New Zealand and Australia have announced their joint commitment to partner with Pacific Island countries and support a collective cyber resilience.
This will see an open, free and secure internet that drives economic growth, protects national security and promotes international stability to the Pacific.
The government mentioned the Boe Declaration, which highlighted cyber security as an emerging security challenge for the Pacific region. It also recognised the need to maximise the protections and opportunities for Pacific infrastructure and peoples in the digital age.

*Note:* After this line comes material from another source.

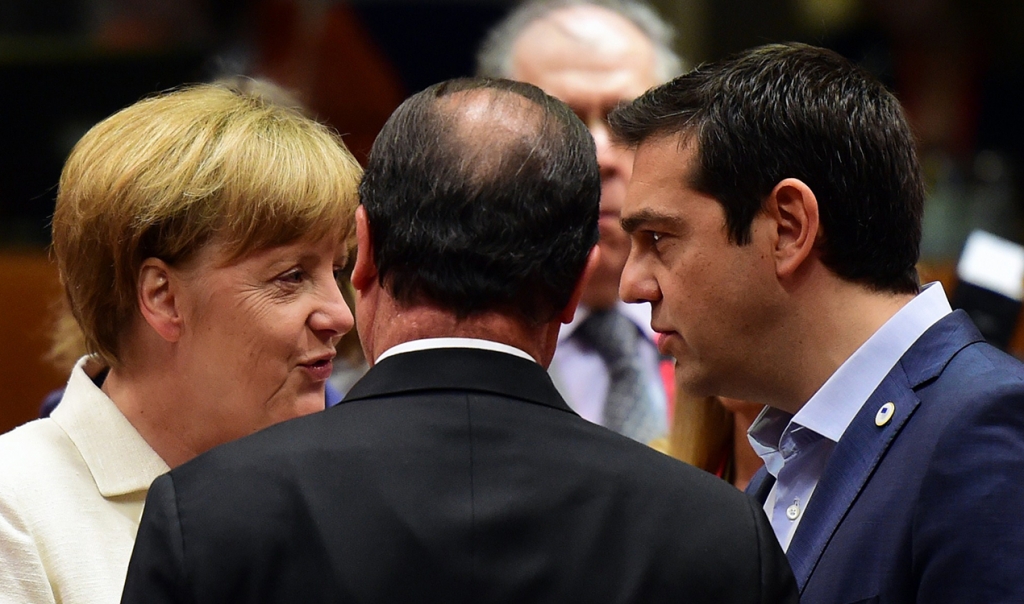 German Chancellor Angela Merkel French President Francois Hollande and Greek Prime Minister Alexis Tsipras confer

“New Zealand’s increased, re-oriented development program recognises the emerging challenges facing the Pacific, and New Zealand is committed to helping address these through its Pacific Reset,” New Zealand Foreign Affairs Minister Winston Peters MP said.
NZ’s engagement in the Pacific will include CERT NZ working closely with cyber security teams across the region to build resilience and cyber awareness. This work will support the Pacific Cyber Security Operational Network (PaCSON), a network of government-designated cyber security officials from 14 foundation member countries from the Pacific.
Australian Foreign Affairs Minister, Senator Marise Payne meanwhile announced a $9 million expansion to Australia’s Cyber Cooperation Program, following the launch of a National Cyber Security Centre in Papua New Guinea. This brings Australia’s total investment in cyber cooperation to $38.4 million to 2022.
“We will continue to work with regional partners to strengthen cybercrime prevention, prosecution and cooperation; and enhance cyber incident response capability,” Payne said.